Others say...

"Best Description Yet of Dashboard Goals and Structure"
This is the first book that I have read that gives a good overview of how and why you would use a dashboard. It has a good flow and give you information you can use. It is a little dry, but it is hard to make this too exciting.

"Good resource, but not the best"
I recommend as an accompanying guide, but not the primary resource.

"One of the Best!"
Performance Dashboards: Measuring, Monitoring, and Managing Your Business is a remarable book I have seen on the market that explains everything starting from begining to advanced level about dashboards and scorecards. I would highly recommend this book to anyone who intend to implement BI solutions.

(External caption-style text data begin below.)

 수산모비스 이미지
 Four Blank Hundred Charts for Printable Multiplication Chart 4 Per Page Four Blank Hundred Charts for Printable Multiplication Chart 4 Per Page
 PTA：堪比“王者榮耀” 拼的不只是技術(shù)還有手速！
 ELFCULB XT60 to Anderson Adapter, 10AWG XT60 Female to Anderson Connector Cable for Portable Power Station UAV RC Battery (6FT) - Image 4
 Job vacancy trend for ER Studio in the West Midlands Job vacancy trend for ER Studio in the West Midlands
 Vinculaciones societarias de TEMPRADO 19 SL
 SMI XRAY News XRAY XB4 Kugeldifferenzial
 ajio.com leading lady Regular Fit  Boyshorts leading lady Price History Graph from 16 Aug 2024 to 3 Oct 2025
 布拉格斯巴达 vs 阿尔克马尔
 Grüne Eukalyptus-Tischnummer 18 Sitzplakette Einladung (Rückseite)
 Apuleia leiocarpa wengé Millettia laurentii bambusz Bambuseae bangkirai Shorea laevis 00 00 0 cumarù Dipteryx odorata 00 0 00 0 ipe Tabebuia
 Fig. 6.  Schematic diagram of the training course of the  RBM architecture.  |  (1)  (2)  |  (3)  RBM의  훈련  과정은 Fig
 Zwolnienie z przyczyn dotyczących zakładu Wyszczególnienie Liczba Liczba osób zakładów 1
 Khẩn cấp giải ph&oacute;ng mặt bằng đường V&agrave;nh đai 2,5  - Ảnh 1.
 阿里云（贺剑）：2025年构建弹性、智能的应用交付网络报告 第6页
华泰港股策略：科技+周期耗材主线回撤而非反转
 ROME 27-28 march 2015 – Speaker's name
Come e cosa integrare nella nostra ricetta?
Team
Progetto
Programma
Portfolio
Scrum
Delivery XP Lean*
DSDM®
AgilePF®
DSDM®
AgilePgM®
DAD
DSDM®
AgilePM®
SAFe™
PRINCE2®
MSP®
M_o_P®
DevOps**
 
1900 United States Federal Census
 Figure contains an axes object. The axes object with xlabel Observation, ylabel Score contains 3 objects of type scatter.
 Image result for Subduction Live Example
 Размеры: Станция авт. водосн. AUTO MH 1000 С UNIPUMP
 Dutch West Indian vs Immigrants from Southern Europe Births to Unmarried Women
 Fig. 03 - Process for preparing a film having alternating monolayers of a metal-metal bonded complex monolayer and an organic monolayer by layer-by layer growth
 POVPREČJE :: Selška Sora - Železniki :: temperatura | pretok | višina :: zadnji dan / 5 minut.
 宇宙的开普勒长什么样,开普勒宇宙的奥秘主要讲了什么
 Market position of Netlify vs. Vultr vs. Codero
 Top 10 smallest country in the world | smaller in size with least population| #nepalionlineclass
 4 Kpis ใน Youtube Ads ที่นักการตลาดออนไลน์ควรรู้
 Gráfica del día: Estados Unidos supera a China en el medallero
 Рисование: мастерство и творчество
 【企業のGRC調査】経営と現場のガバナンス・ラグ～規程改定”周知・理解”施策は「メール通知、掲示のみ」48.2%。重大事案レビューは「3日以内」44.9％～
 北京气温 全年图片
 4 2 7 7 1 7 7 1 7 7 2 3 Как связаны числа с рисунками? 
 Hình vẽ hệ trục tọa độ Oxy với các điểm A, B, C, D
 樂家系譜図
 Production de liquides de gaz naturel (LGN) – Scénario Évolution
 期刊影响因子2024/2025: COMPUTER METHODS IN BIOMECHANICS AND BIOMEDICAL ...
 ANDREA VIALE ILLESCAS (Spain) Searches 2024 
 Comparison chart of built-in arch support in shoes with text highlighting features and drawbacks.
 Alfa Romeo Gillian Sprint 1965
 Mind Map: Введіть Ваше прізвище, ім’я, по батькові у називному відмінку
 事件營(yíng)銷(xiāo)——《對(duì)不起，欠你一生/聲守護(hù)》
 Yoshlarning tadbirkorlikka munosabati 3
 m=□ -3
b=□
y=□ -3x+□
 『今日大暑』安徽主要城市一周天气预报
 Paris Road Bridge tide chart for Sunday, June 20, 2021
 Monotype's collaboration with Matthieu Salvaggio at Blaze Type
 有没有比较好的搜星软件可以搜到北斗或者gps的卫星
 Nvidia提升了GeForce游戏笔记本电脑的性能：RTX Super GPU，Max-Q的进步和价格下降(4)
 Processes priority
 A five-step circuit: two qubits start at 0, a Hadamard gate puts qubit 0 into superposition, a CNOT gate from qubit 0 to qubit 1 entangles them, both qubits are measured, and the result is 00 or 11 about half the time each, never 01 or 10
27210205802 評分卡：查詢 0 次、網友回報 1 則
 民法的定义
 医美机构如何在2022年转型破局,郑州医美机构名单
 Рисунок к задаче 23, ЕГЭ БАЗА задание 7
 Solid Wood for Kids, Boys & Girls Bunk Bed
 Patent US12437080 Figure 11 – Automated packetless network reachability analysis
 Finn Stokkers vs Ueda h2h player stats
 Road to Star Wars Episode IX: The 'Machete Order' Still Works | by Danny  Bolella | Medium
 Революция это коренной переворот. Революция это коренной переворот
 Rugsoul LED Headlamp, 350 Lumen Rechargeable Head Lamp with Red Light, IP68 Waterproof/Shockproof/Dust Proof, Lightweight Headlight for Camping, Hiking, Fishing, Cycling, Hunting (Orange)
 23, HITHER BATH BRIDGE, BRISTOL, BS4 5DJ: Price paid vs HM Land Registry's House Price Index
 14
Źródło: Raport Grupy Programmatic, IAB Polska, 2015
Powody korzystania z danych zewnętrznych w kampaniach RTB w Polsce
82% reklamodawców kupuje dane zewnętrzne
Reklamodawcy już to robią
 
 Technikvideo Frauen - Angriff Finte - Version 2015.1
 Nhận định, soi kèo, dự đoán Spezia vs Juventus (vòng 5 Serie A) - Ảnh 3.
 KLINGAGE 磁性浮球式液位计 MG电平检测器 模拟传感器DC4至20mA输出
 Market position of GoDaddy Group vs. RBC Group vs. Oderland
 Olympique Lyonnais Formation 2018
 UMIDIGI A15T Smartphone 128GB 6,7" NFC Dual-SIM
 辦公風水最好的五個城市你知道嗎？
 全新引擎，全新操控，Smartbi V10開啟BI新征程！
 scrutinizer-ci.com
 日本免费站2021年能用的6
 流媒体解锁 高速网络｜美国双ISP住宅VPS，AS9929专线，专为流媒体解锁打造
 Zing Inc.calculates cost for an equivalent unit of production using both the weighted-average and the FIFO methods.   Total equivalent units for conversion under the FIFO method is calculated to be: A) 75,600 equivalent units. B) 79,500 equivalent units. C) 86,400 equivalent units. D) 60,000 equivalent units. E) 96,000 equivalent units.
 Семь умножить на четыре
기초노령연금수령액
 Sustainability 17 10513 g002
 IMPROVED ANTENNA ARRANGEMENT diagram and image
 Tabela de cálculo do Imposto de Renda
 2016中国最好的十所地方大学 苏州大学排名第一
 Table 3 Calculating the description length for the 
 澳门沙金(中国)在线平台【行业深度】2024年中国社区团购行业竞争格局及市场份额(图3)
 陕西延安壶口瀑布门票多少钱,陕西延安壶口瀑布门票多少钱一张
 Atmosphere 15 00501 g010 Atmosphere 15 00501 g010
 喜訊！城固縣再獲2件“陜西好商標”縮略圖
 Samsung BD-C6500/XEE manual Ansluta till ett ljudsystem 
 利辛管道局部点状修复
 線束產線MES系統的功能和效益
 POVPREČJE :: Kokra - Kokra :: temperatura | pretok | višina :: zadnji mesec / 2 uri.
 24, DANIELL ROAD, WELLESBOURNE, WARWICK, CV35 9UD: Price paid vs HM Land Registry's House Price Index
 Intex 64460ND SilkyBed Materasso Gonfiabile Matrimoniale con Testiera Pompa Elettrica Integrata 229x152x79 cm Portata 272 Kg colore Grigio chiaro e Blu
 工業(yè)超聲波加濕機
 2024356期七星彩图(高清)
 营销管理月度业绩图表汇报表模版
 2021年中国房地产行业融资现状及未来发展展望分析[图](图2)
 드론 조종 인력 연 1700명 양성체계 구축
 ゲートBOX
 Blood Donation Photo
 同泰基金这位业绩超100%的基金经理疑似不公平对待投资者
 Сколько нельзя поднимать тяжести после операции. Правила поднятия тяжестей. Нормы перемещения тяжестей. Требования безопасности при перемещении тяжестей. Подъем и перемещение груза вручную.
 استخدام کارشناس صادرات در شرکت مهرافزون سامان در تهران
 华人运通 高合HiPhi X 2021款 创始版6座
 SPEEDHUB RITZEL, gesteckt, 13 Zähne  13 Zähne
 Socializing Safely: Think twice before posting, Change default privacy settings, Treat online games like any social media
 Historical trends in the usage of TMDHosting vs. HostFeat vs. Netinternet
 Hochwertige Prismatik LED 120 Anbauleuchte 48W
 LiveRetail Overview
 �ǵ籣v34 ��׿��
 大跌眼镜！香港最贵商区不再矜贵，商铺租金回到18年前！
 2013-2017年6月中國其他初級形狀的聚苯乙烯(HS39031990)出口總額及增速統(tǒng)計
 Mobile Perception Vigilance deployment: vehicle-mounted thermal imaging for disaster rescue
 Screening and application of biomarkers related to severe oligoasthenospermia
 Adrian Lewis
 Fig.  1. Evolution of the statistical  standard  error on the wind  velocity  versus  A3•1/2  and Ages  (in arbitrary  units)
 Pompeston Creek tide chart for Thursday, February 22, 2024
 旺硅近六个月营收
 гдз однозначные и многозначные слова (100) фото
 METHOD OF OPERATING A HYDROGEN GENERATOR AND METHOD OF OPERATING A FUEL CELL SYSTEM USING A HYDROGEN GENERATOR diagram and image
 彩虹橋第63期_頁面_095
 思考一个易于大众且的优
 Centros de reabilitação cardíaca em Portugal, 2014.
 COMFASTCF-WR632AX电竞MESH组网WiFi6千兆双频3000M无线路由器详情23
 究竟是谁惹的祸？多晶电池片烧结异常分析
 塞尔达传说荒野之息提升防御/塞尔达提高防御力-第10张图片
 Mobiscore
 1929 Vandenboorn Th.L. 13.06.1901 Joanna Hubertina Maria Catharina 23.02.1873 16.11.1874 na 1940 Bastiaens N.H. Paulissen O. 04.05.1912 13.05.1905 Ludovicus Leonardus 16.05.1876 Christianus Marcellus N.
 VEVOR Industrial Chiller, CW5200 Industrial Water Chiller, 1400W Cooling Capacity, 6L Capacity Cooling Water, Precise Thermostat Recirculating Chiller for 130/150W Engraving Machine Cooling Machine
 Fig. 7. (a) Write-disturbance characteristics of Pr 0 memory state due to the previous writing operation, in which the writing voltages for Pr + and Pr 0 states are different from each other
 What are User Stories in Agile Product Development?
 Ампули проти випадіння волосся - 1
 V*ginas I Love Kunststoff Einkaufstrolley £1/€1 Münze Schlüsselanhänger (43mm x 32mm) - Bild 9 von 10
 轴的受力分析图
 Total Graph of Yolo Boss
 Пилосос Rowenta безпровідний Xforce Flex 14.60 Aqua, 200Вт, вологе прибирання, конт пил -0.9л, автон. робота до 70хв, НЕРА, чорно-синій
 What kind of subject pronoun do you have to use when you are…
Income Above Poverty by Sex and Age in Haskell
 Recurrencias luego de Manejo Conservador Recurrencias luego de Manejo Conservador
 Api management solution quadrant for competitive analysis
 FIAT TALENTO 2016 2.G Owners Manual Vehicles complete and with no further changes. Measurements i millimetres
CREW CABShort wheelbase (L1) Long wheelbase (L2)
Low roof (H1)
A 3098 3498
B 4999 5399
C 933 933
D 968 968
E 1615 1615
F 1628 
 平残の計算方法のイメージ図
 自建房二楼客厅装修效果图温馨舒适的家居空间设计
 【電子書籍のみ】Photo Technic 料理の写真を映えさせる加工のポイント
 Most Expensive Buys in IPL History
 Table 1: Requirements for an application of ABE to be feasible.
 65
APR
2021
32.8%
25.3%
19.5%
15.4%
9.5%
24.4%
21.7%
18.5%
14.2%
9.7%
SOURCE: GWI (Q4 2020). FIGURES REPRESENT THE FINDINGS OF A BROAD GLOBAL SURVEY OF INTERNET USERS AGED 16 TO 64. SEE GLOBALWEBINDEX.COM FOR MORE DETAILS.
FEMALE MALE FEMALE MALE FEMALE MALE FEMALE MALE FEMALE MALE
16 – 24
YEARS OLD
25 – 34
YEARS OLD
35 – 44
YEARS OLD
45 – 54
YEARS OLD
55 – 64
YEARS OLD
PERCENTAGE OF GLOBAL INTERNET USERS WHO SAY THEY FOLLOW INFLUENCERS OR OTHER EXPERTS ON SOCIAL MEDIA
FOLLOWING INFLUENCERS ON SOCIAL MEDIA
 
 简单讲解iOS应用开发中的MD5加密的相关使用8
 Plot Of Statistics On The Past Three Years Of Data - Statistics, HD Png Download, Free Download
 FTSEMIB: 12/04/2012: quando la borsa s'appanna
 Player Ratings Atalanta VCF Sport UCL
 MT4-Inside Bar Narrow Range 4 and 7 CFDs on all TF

The language is simple yet very effective, the book lays a solid foundation on BI implementation.

"The only Performance Dashboard book you will ever need."
I found this book through an excellent dashboard [..]. This book proved to be invaluable to my creation of our company's dashboard. I had never created a dashboard before and was able to because of the easy to understand lay out of the book. This book covers different types of dashboards, how to get your data and of couse the creation of a dashboard. This is a great book for the begginer or the seasoned veteran. I would reccomend this book to anyone who wants to create and implement a dashboard.

"A Guide to fully understanding the "Dashboard""
I have designed and implemented "Dashboards" in many forms going back to the time when any vendor with a "portal" product and some widgets claimed they had a "Dashboard" offering. Today, the successful Performance Dashboards truly are effective business management tools with fresh, personalized content based on business goals and processes.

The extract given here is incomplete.